I want to prove that 2D Gaussian filter is separable and we can separate it into two dimensions, my problem is about the size of filters. we should prove that $G(x,y)*I$(where $G(x,y)=$$\begin{bmatrix}0.01 & 0.1 & 0.01 \\0.1 & 1 & 0.1 \\ 0.01 & 0.1 & 0.01\end{bmatrix}$,I is image and $*$ is convolution operator) is equal to $G(x)*I*G(y)$ where $G(x)=$$\begin{bmatrix}0.1 & 1 & 0.1 \end{bmatrix}$ $,G(y)=$$\begin{bmatrix}0.1\\1\\ 0.1\end{bmatrix}$ and I is image. in other words we should prove that $G(x,y)=G(x)*G(y)$ but I don't know how to convolve these filters with different sizes.
Answer
Let's have a different perspective on that.
Let's say our 2D Linear Operator is given by the Matrix $ G \in {\mathbb{R}}^{n \times n} $.

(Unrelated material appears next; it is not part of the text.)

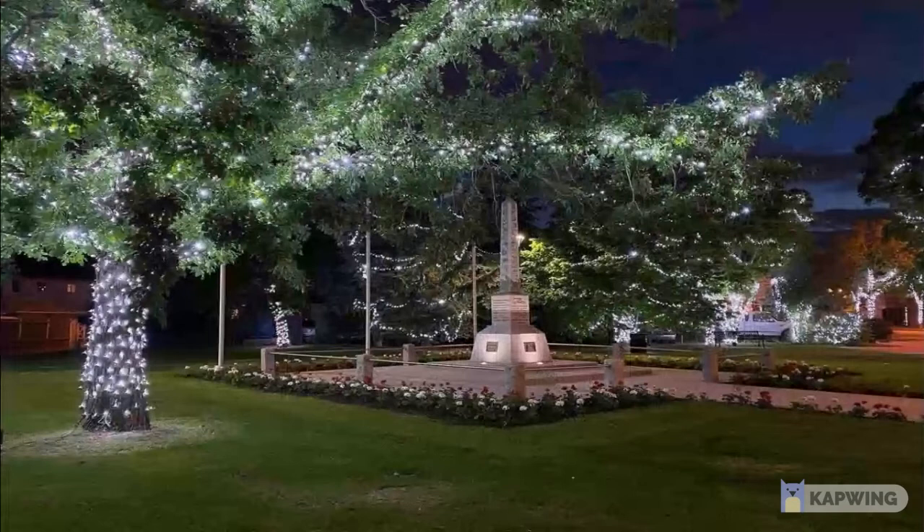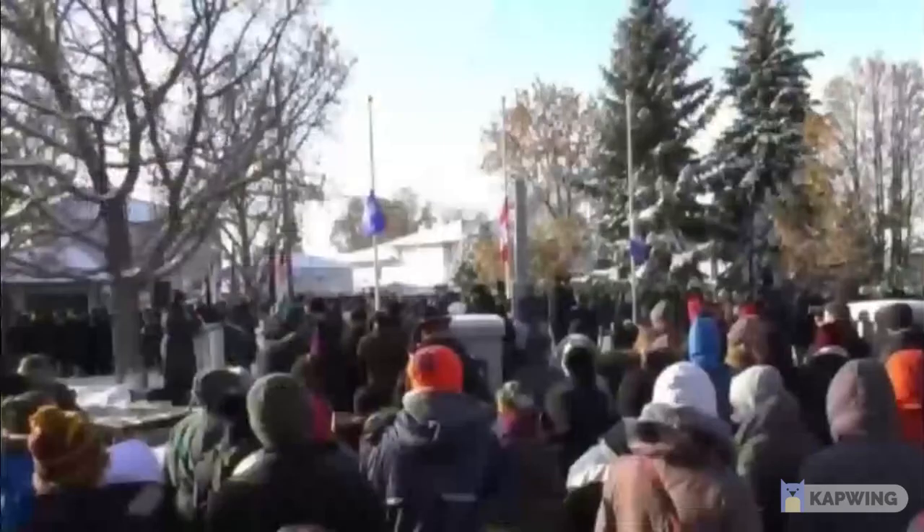Around the cenotaph, one can see a park complete with trees, bushes, park benches, and flowers. This ensures that this space remains inviting and welcoming for everyone wishing to pay their respects, and invites people to sit and think deeply about the courage and resilience the town of Beverly displayed.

Using the SVD Decomposition the operator can be written as:
$$ G = \sum_{i = 1}^{n} {\sigma}_{i} {u}_{i} {v}_{i}^{T} $$
Separable Linear 2D Operator is defined as operator which can be composed by Outer Product of 2 vectors.
Looking at the SVD Decomposition of $ G $ we can conclude that $ G $ is separable operator if and only if $ \forall i > 1 \; {\sigma}_{i} = 0 $ and it is given by:
$$ G = {\sigma}_{1} {u}_{1} {v}_{1}^{T} $$
Usually LPF 2D Linear Operators, such as the Gaussian Filter, in the Image Processing world are normalized to have sum of 1 (Keep DC) which suggests $ {\sigma}_{1} = 1 $ moreover, they are also symmetric and hence $ {u}_{1} = {v}_{1} $ (If you want, in those cases, it means you can use the Eigen Value Decomposition instead of the SVD).
So basically, to prove that a Linear 2D Operator is Separable you must show that it has only 1 non vanishing singular value.
Note: I was not rigorous in the claims moving form general SVD to the Eigen Decomposition yet the intuition holds for most 2D LPF operators in the Image Processing world.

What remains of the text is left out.